Pero aquí surge el primer matiz de ensayo: la paradoja de la conexión. Los jóvenes entrevistados demuestran una autoconciencia que los adultos solemos negarles. Saben que el algoritmo los atrapa, sienten el cansancio de la “vidriera” constante y, en muchos casos, son ellos los que eligen el “ayuno digital” borrando aplicaciones para recuperar el aire. Mientras tanto, el adulto —muchas veces escudado en la excusa de la “productividad” o el trabajo— permanece atado al dispositivo de forma inconsciente.

La autoridad en crisis

El texto citado nos invita a reflexionar sobre la crisis de autoridad. ¿Con qué cara un padre le exige a un hijo que “levante la vista de la pantalla” si el propio padre interrumpe el contacto visual para chequear un grupo de WhatsApp?

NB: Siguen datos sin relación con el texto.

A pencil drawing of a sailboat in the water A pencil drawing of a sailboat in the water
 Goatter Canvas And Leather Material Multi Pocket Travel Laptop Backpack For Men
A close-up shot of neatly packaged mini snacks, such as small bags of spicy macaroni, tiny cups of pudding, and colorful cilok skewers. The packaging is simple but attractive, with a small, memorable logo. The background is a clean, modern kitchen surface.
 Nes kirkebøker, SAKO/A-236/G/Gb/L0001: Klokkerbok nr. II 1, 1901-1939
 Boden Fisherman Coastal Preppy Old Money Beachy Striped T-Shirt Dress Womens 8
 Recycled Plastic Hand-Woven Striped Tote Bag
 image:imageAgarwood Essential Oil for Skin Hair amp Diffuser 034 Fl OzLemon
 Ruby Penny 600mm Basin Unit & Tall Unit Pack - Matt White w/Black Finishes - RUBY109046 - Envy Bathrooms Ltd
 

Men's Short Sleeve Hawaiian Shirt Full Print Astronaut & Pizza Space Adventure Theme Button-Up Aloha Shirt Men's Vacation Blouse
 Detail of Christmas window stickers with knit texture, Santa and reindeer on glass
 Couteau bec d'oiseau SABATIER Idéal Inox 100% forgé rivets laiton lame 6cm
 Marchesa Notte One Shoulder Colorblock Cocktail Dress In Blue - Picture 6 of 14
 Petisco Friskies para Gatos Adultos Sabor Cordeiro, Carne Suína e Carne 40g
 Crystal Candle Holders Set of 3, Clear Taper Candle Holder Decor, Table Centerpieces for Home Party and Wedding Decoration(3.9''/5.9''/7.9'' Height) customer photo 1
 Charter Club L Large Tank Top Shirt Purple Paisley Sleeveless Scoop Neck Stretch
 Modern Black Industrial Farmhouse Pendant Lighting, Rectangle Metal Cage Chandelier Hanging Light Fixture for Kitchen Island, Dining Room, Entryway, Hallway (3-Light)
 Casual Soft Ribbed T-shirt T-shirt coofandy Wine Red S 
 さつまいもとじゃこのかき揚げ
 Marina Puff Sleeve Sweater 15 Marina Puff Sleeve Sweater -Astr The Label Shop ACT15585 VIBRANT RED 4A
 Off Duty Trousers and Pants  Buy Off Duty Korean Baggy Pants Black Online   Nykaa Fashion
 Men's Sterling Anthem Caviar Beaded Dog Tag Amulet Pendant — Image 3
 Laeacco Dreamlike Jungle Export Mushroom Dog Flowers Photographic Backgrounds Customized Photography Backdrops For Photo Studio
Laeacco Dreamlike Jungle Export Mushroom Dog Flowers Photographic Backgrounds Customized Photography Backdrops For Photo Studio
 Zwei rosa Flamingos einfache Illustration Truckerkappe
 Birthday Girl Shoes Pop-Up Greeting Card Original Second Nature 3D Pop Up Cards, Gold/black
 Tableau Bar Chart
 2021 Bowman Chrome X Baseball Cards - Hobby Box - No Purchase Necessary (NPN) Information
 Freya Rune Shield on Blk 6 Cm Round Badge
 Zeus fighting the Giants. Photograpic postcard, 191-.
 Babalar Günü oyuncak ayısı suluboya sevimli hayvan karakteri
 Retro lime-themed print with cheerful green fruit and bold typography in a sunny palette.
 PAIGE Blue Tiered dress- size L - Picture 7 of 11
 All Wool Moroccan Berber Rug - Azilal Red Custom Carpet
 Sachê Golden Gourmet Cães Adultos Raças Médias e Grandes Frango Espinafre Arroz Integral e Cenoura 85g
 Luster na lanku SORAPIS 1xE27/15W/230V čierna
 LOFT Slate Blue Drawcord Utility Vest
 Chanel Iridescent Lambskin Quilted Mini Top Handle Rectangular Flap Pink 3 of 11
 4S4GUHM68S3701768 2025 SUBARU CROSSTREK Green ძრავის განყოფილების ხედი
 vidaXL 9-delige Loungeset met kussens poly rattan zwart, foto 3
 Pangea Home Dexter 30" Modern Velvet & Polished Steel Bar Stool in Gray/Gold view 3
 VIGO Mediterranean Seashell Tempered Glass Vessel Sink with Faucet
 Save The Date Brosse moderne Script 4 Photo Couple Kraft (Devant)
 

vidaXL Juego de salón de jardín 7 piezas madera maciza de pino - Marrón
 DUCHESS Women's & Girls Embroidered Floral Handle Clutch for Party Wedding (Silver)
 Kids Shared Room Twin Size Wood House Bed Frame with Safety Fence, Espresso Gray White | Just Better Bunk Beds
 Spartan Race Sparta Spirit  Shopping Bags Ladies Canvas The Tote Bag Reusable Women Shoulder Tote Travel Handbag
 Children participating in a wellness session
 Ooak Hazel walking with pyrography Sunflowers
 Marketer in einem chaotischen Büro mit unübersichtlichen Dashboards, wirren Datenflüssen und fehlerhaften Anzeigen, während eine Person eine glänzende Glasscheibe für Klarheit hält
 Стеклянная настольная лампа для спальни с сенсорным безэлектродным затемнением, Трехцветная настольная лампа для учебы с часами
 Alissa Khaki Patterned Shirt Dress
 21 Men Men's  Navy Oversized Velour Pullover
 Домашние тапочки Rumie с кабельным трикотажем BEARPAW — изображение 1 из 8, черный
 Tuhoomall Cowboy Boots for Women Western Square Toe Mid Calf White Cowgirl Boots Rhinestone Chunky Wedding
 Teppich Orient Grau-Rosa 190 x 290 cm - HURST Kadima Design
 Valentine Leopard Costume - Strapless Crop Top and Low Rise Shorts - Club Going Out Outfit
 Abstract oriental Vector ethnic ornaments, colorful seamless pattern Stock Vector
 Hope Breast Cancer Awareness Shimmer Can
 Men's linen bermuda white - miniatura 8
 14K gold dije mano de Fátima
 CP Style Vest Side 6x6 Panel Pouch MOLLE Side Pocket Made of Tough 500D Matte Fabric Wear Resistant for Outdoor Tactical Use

El reportaje de La Nación es tajante: el control parental y las prohibiciones rígidas están fracasando. No porque los chicos sean rebeldes, sino porque perciben la falta de coherencia. La tecnología ha hackeado el vínculo primario. Ya no es solo el hijo quien se aísla; es el padre quien, estando presente físicamente en la mesa, está ausente emocionalmente, perdido en el “scroll” infinito.

Hacia una nueva presencia

Este análisis no busca demonizar las pantallas, sino rescatar el encuentro. Los adolescentes no piden menos tecnología, piden más mirada. Piden que el pacto de convivencia no sea un conjunto de reglas impuestas desde un pedestal, sino un compromiso compartido de “estar” realmente cuando se está.

En definitiva, la lección que nos deja este cruce de voces es que la educación digital no empieza por configurar el teléfono del hijo, sino por cuestionar el lugar que el adulto le ha dado al suyo. La próxima vez que en una mesa de nuestra ciudad un chico diga “mi papá come con el teléfono”, quizás sea el momento de entender que el problema no es el dispositivo, sino el vacío que deja el silencio de quien, teniéndonos enfrente, prefiere estar en otro lado.